YOUR TASK » Your answer should be the records below, written out exactly.

RECORD SET »

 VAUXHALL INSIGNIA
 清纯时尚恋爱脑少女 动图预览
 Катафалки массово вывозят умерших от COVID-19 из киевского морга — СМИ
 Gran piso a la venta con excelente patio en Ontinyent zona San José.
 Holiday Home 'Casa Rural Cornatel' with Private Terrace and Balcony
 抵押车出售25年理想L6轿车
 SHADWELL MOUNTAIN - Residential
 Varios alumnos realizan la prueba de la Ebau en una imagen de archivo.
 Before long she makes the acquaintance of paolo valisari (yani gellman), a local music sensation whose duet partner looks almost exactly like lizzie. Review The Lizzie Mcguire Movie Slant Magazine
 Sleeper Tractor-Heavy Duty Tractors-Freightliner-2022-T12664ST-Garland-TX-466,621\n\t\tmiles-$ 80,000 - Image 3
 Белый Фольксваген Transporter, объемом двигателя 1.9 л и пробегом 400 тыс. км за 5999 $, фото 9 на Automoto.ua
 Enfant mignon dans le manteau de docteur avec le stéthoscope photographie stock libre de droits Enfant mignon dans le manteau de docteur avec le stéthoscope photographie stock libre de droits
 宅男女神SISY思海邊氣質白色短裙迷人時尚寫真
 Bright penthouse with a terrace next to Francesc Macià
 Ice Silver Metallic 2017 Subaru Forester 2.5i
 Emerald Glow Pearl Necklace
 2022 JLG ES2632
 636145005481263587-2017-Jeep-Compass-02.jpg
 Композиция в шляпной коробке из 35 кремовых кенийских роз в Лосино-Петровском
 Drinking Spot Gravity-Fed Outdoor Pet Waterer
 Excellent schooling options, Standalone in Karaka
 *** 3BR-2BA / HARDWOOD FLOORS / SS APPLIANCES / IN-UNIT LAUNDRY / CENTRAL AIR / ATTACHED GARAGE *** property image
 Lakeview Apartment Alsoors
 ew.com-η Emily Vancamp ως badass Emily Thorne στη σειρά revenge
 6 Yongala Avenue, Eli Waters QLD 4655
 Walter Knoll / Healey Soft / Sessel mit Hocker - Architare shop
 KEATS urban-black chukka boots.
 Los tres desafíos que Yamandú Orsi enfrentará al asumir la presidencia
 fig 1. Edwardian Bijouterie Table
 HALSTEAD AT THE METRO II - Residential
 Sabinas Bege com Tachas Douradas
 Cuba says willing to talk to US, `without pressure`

TASK SOLUTION »
 VAUXHALL INSIGNIA
 清纯时尚恋爱脑少女 动图预览
 Катафалки массово вывозят умерших от COVID-19 из киевского морга — СМИ
 Gran piso a la venta con excelente patio en Ontinyent zona San José.
 Holiday Home 'Casa Rural Cornatel' with Private Terrace and Balcony
 抵押车出售25年理想L6轿车
 SHADWELL MOUNTAIN - Residential
 Varios alumnos realizan la prueba de la Ebau en una imagen de archivo.
 Before long she makes the acquaintance of paolo valisari (yani gellman), a local music sensation whose duet partner looks almost exactly like lizzie. Review The Lizzie Mcguire Movie Slant Magazine
 Sleeper Tractor-Heavy Duty Tractors-Freightliner-2022-T12664ST-Garland-TX-466,621\n\t\tmiles-$ 80,000 - Image 3
 Белый Фольксваген Transporter, объемом двигателя 1.9 л и пробегом 400 тыс. км за 5999 $, фото 9 на Automoto.ua
 Enfant mignon dans le manteau de docteur avec le stéthoscope photographie stock libre de droits Enfant mignon dans le manteau de docteur avec le stéthoscope photographie stock libre de droits
 宅男女神SISY思海邊氣質白色短裙迷人時尚寫真
 Bright penthouse with a terrace next to Francesc Macià
 Ice Silver Metallic 2017 Subaru Forester 2.5i
 Emerald Glow Pearl Necklace
 2022 JLG ES2632
 636145005481263587-2017-Jeep-Compass-02.jpg
 Композиция в шляпной коробке из 35 кремовых кенийских роз в Лосино-Петровском
 Drinking Spot Gravity-Fed Outdoor Pet Waterer
 Excellent schooling options, Standalone in Karaka
 *** 3BR-2BA / HARDWOOD FLOORS / SS APPLIANCES / IN-UNIT LAUNDRY / CENTRAL AIR / ATTACHED GARAGE *** property image
 Lakeview Apartment Alsoors
 ew.com-η Emily Vancamp ως badass Emily Thorne στη σειρά revenge
 6 Yongala Avenue, Eli Waters QLD 4655
 Walter Knoll / Healey Soft / Sessel mit Hocker - Architare shop
 KEATS urban-black chukka boots.
 Los tres desafíos que Yamandú Orsi enfrentará al asumir la presidencia
 fig 1. Edwardian Bijouterie Table
 HALSTEAD AT THE METRO II - Residential
 Sabinas Bege com Tachas Douradas
 Cuba says willing to talk to US, `without pressure`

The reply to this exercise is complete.